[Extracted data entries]
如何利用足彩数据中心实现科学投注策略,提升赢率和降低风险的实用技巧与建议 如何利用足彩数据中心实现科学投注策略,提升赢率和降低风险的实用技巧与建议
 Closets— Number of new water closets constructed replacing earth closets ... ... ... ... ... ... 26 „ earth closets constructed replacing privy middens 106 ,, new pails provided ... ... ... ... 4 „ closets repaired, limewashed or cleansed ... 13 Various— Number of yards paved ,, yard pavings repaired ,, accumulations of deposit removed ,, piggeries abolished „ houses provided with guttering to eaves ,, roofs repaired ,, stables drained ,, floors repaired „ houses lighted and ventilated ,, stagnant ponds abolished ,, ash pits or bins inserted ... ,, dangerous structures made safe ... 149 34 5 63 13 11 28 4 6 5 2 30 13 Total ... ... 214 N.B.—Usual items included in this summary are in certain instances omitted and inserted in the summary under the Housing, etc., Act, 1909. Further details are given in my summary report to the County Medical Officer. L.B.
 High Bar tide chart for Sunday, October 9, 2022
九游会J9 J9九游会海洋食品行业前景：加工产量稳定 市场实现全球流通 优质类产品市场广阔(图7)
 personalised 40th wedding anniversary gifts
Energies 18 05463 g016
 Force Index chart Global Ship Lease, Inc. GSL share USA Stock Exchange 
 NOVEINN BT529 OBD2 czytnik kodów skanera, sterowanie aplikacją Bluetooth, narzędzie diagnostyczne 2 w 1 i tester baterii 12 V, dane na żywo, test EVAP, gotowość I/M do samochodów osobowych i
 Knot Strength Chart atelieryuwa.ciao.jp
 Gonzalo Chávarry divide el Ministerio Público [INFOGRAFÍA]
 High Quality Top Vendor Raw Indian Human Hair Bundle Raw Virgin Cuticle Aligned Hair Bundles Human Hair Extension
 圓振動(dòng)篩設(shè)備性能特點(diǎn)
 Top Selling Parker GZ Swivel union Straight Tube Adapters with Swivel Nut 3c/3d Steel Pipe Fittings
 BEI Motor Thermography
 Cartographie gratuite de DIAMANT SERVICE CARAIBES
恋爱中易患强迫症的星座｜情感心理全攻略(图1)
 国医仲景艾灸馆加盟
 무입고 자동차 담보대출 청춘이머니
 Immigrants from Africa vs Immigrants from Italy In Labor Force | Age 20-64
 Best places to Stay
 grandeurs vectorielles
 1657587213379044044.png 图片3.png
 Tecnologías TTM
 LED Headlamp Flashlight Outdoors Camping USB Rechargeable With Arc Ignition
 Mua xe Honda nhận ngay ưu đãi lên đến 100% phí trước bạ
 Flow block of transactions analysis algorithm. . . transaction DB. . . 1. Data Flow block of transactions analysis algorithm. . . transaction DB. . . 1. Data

Description of the task:
Exactly reproduce the lines that run from the line with "1657587213379044044.png 图片3.png" through the last line of the records, inclusive.

Task output:
 1657587213379044044.png 图片3.png
 Tecnologías TTM
 LED Headlamp Flashlight Outdoors Camping USB Rechargeable With Arc Ignition
 Mua xe Honda nhận ngay ưu đãi lên đến 100% phí trước bạ
 Flow block of transactions analysis algorithm. . . transaction DB. . . 1. Data Flow block of transactions analysis algorithm. . . transaction DB. . . 1. Data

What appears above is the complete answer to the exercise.